JURIST Guest Columnist Ottilia Maunganidze, Researcher at the Institute for Security Studies, says that the NTC must conduct a proper investigation into Muammar Gaddafi’s death to meet its international obligations and ensure justice for human rights violations…
On October 25, 2011, the Libyan National Transitional Council (NTC) announced that it would open a formal investigation into the death of former Libyan leader Colonel Muammar Gaddafi. On October 20, Gaddafi’s convoy was hit by a NATO airstrike in Sirte. Gaddafi sustained serious injuries and video footage shows him alive immediately after the strike. Accounts of what happened following Gaddafi’s seizure by NTC fighters are varied. An autopsy conducted by Libya’s chief forensic pathologist, Dr. Othman al-Zintani, confirmed that Gaddafi died from a gunshot wound to the head. What remains unanswered is by whom and in what manner. Al-Zintani has not disclosed additional details of the autopsy and is set to deliver a full pathology report to the attorney general.

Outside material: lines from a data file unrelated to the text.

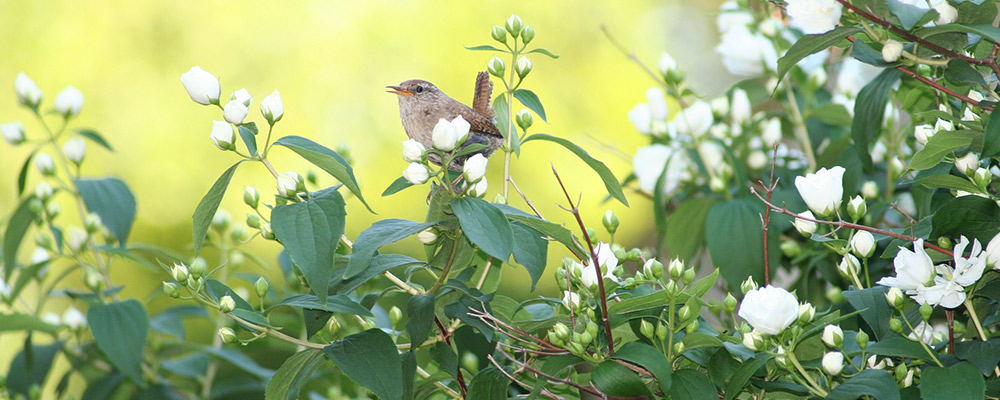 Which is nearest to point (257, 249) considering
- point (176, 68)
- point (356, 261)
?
point (176, 68)

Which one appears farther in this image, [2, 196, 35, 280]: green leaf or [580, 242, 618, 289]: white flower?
[2, 196, 35, 280]: green leaf

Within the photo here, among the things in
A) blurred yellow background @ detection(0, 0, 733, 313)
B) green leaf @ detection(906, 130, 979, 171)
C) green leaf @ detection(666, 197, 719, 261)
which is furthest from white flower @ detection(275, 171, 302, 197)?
blurred yellow background @ detection(0, 0, 733, 313)

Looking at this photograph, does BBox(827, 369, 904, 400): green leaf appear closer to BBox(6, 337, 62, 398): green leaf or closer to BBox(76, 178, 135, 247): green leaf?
BBox(76, 178, 135, 247): green leaf

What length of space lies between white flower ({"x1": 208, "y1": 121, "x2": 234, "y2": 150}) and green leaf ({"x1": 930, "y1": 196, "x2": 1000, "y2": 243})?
650 mm

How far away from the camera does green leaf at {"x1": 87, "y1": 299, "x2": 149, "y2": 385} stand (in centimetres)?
122

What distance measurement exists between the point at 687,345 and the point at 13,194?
3.37 metres

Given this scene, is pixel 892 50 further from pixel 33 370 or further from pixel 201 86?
pixel 33 370

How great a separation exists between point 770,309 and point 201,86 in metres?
0.56

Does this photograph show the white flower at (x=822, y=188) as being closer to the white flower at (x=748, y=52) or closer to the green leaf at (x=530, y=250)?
the green leaf at (x=530, y=250)

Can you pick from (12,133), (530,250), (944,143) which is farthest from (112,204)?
(944,143)

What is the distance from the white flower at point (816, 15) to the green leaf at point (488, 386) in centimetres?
44

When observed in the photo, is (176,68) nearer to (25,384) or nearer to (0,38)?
(0,38)

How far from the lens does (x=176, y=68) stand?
3.44m

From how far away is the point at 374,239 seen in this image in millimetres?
674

The pathologist’s report should be one of the key sources that the NTC investigation consults.
According to Libya’s interim leader, Mustafa Abdel Jalil, the decision to establish the commission of inquiry was prompted by calls to probe the circumstances surrounding Gaddafi’s death from the UN Office of the High Commissioner for Human Rights (OHCHR). The OHCHR has welcomed the NTC’s announcement and stated that the process should be in accordance with international law. The laws of war under international law govern the investigation into the manner of Gaddafi’s death. Article 3(1)(a) of the 1949 Geneva Conventions, read together with Additional Protocol II of 1977, states that all parties to an armed conflict are prohibited from killing wounded persons or people no longer actively participating in hostilities. Furthermore, Article 3(2) provides that all wounded parties must be cared for.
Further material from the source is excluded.